Was it fun to find how you could play with updating the story, like Huck speaking Spanish or referencing the past like the conversation about riding sidesaddle?

Aaron Nee: In making those decisions, [we had to figure out] to what degree we’re going to try and make feel like what we’ve seen exactly as it plays out in the books, and to what degree it’s going to be something new, like the Jorge character. That came early on that we were not going to let ourselves get [lost] in our head about, “Oh, that’s not how it happens in the book.” So you’ve got a character like Jim [in the books] who’s being treated like a second-class citizen who gets swept up in Tom and Huck’s misadventures and there’s your core, but now let’s let that breathe in the world that we’ve created. What makes sense in that world? That’s how you get those details that break from the book, like it being a pawnshop robbery instead of [Tom and Huck] trying to rob a bunch of picnicking passersby.

Adam Nee: Yeah, it was very important that it stays very true and honors Twain, but stands alone, so if you don’t know Twain at all, you’ll still enjoy the movie.

Was that tricky to convey visually as well? While there are certain markers that it’s modern, you never can really place it in a specific time.

Adam Nee: What we wanted very much was for, not only the characters, but the world to also seem like it’s in a state of arrested development. Even though it’s a modern day adaptation, it feels very much like ’80s or a time from our youth.

Aaron Nee: When these characters would have been kids, you feel like it never grew up past that. Also, it was important that even though we were modernizing it, it still had a feeling of nostalgia. By keeping everything a little bit older than 2016, there’s still something nostalgic about it.

Adam Nee: Even wardrobe-wise, we wanted everybody to look like their mom dressed them as a nine-year-old.

Matthew Gray Gubler, Kyle Gallner and Adam Nee in "Band of Robbers"It was surprising to learn Adam wasn’t actually supposed to play Tom at first. How did you decide to play the role?

Adam Nee: It’s something that I dreamed of doing but never thought could happen in this setting because we knew we needed a very recognizable actor to get the movie financed. We made offers to big actors for Tom Sawyer before we had financing, and couldn’t get anybody on board because it is very tricky to get anybody on board in an unfinanced movie. Then when we did start putting together money for the film, we were having auditions and we saw a lot of great guys, but it just wasn’t quite working the way that we pictured it. It took Aaron and Matthew Gray Gubler and Kyle Gallner even, to nudge me in that direction and it was a big surprise to me that I ended up doing it. The investors and the producers were very supportive, and it happened, but it was a last-minute thing.

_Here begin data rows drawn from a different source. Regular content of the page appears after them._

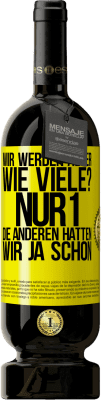 49,95 € Kostenloser Versand | Rotwein Premium Ausgabe MBS® Reserve Wir werden älter. Wie viele? Nur 1, die anderen hatten wir ja schon Gelbes Etikett. Anpassbares Etikett Reserve 12 Monate Ernte 2014 Tempranillo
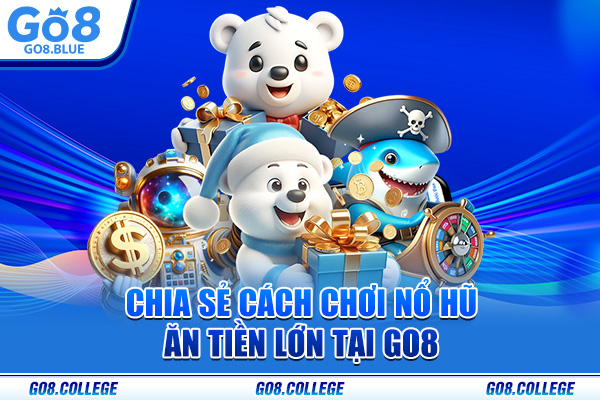 Chia sẻ cách chơi nổ hũ ăn tiền lớn tại Go8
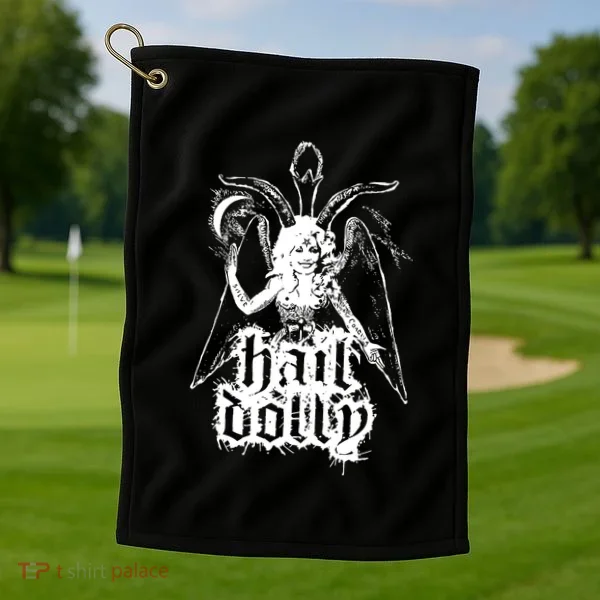 Hail Dolly Golf Towel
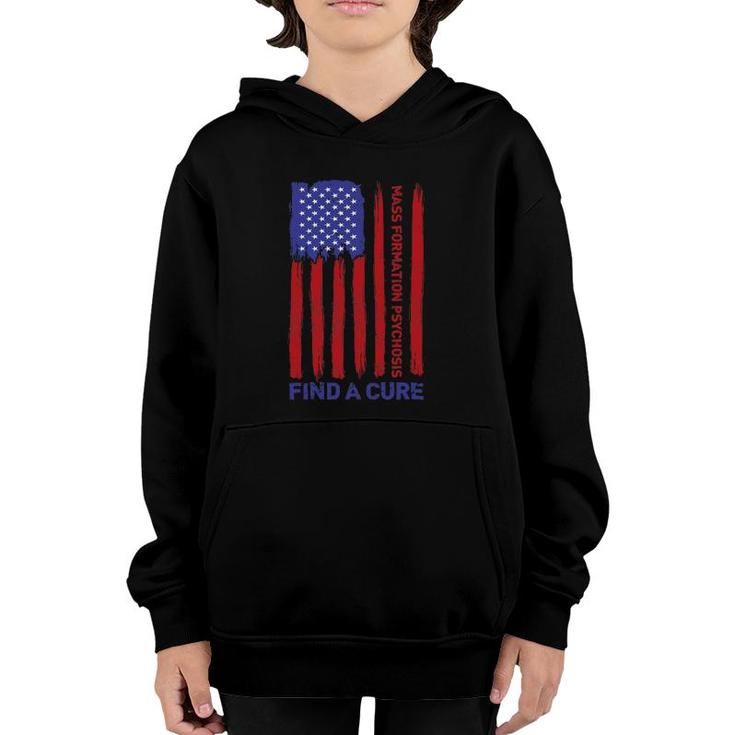 Mass Formation Psychosis Find A Cure Us Flag Patriotic Youth Hoodie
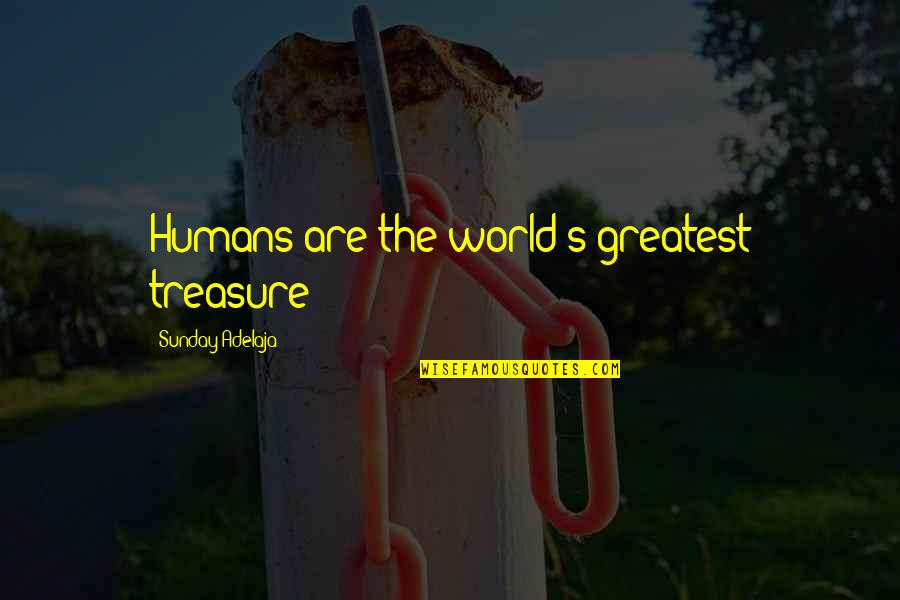 Example Quotation Quotes By Sunday Adelaja: Humans are the world's greatest treasure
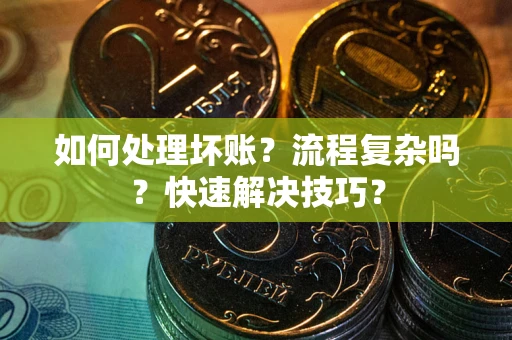 济南如何处理坏账？流程复杂吗？快速解决技巧？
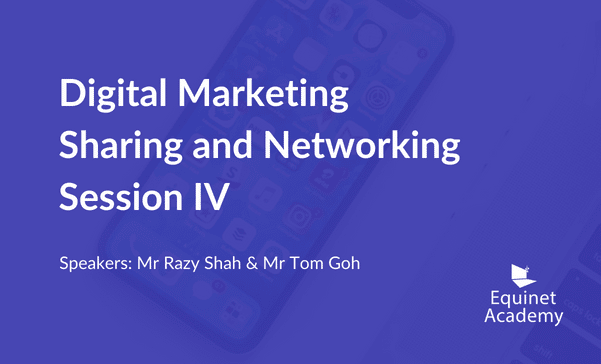 Digital Marketing Sharing and Networking Session IV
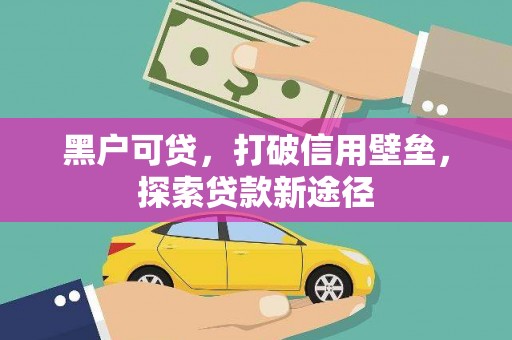 花地玛堂区黑户可贷，打破信用壁垒，探索贷款新途径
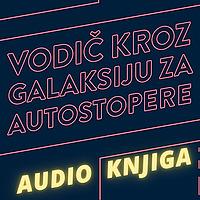 Quintus - Vodič kroz galaksiju za autostopere AUDIOKNJIGA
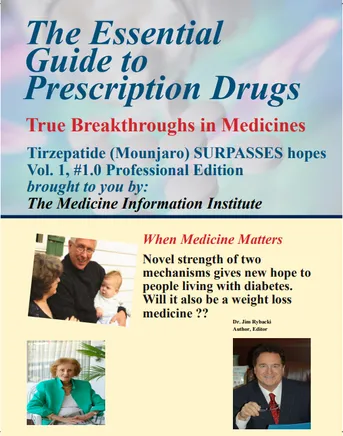 Mounjaro (Channel 4-Diabetes Developments)
The Essential Guide to Prescription Drugs, True Breakthroughs in medicines Tirzepatide (Mounjaro) SURPASSES hopes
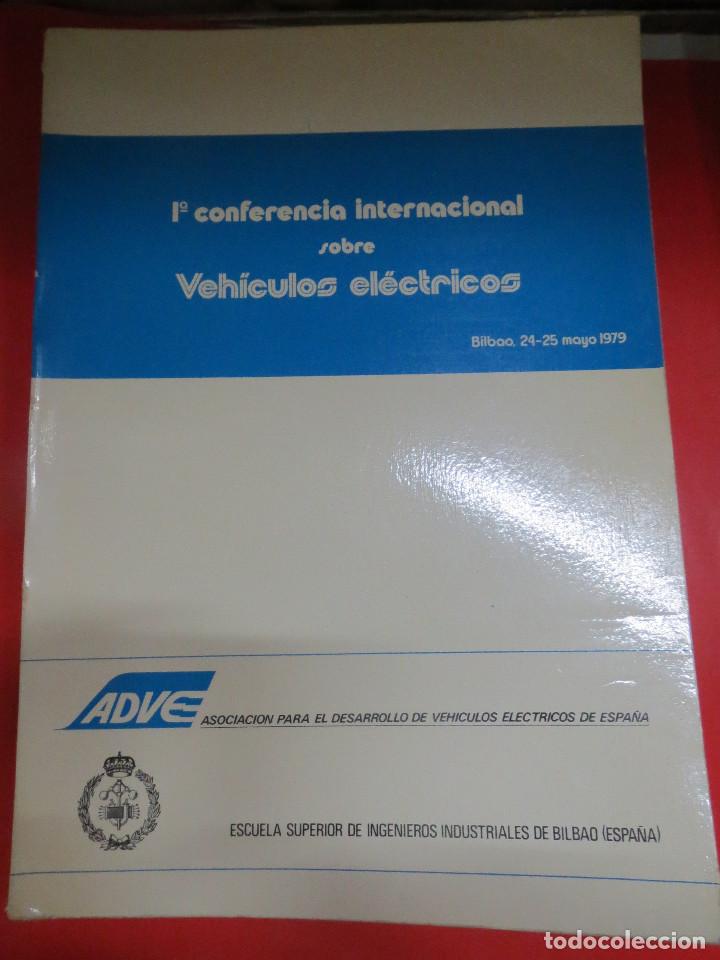 B&uuml;cher: 1&ordm; CONFERENCIA INTERNACIONAL SOBRE VEHICULOS ELECTRICOS ESCUELA SUPERIOR DE INGENIEROS BILBAO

Aaron Nee: Matthew and I knew that Adam could do the part, but we were looking at the hard realities of film that you need to put a recognizable face on a poster. In the end, Adam had developed the voice of Tom Sawyer so clearly, not only as a writer but just as an actor, and he understood what we were trying to do with this character really better than anybody else just coming into it cold. So it became a decision of, “Are we going to try to make this the most marketable movie possible?” or “Are we going to try to make it the closest to what we want it to be?”

Was it an interesting experience directing-wise to have one of you actually inside the scene and another behind the camera?

Aaron Nee: Early on, I kept standing there with the actors, and we realized, “This doesn’t work,” so I went and got behind the camera. [laughs]

Adam Nee: Kyle Gallner [has said something] I thought was really interesting and flattering, which was that because his costar was in the scene with him directing, and then you have the other director is watching the big picture the whole time, he felt very safe. Certainly on projects we’ve done, we’ll just both be directing behind the camera, and then there are other projects we’ve done where I’ve been in it, so the way we work together is a fluid process, but for the actors, I think it does end up being a positive.

It also seems like part of the appeal for them might’ve been that you were actively casting type for most of the roles.

Adam Nee: That’s the most exciting thing to us. Even though the movie’s very elevated, we wanted it to feel like the weirdo real-life version of this, so the guys who are going to try to pull off a robbery will look more like [Matthew Gray] Gubler and Hannibal [Burress], or Injun Joe would be this very strange character who has been going after this treasure his whole life, but we didn’t want big, archetypal characters.

Aaron Nee: It’s a great way, too, to get talented people on your small project because you give them an opportunity to be a different character than they usually play. That was a real attraction to some of the great talent that we got to work with is that they got to disappear into a role.

Adam Nee: Yeah, we were very blessed with a lot of the supporting roles like Cooper Huckabee as Muff Potter or Beth Grant as the Widow Douglas or Lee Garlington as Lt. Polly, Eric Olsen as Sid Sawyer – we were just so lucky to get those actors to do those parts for us because they just make the world so rich.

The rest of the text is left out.